Predators director David Ossett, initially just an off-screen voice but eventually a fully visible presence (quite literally), explains that he used to binge-watch To Catch a Predator as a young man. Each episode was roughly the same: a man is seen arriving at a suburban house, expecting to have sex there with a teenage girl or boy who is actually a hired actor who has seduced the target. Journalist Chris Hansen then emerges from behind the doorway to confront the target with transcripts of the interactions he had with the decoy. The target usually starts crying and begging for mercy; Then, in a final act of theatrical cruelty, he is told he is free to go only to be arrested seconds later by waiting law enforcement officers working the show.
At the time, Jimmy Kimmel, still in his infancy as a talk show host, happily described To Catch a Predator as “the funniest thing on television,” likening it to the prank show Punk’d “but for pedophiles.” But no matter how repulsive the “victims” are, nothing about the show or the situation seems funny now, especially when we learn about a suspect who killed himself when the cops arrived.
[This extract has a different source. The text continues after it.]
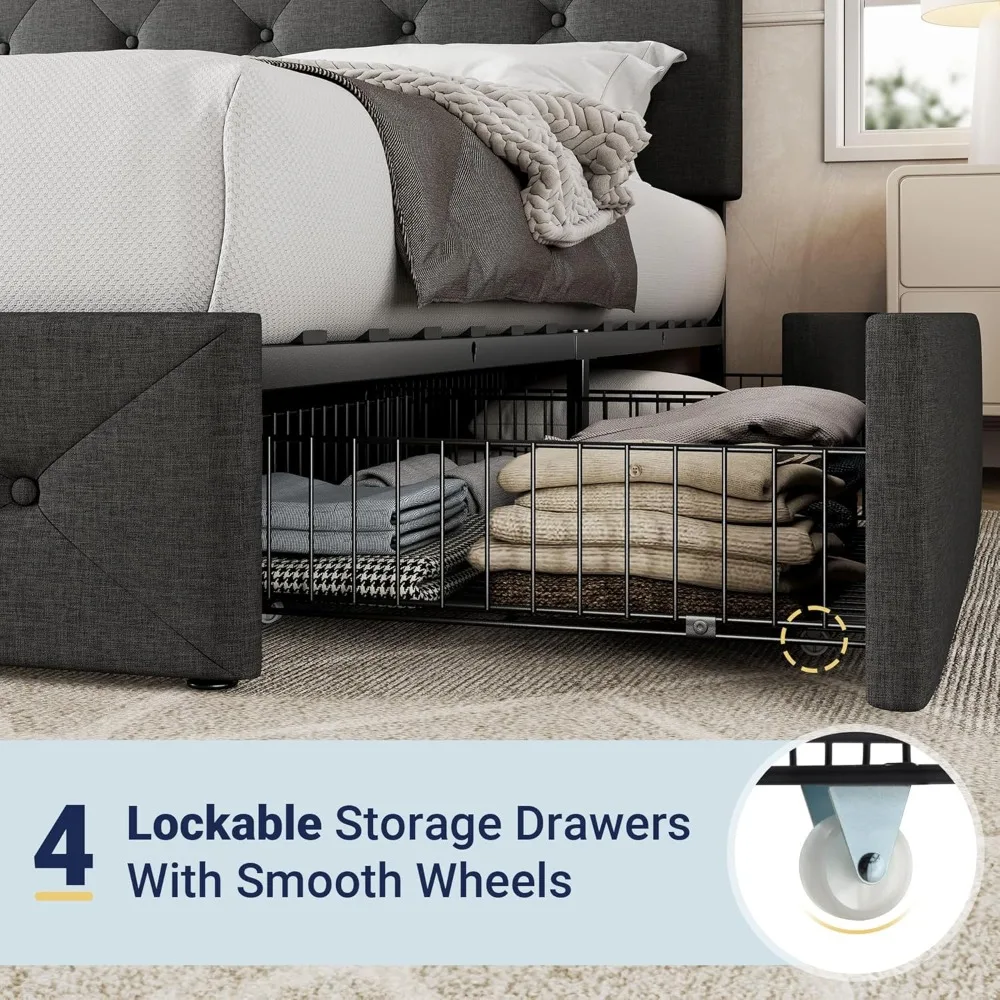 إطار سرير منجد بحجم كوين مع 4 أدراج تخزين ولوح رأسي، وزر مخيط بالألماس معنقدة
How can the punitive, ritualistic humiliation of To Catch a Predator, or any of the many gonzo-made copycats on YouTube, like the one we see being filmed here, help stop child abuse or change anyone’s life for the better? No one wants to think about how to break these cycles of abuse; Instead, we are all trapped in a veritable hall of reflexive brutality where predators are targeted by morally indignant predators armed with cameras and who are in turn filmed by quasi-predatory documentarians. It’s a Mis en abeme From despair.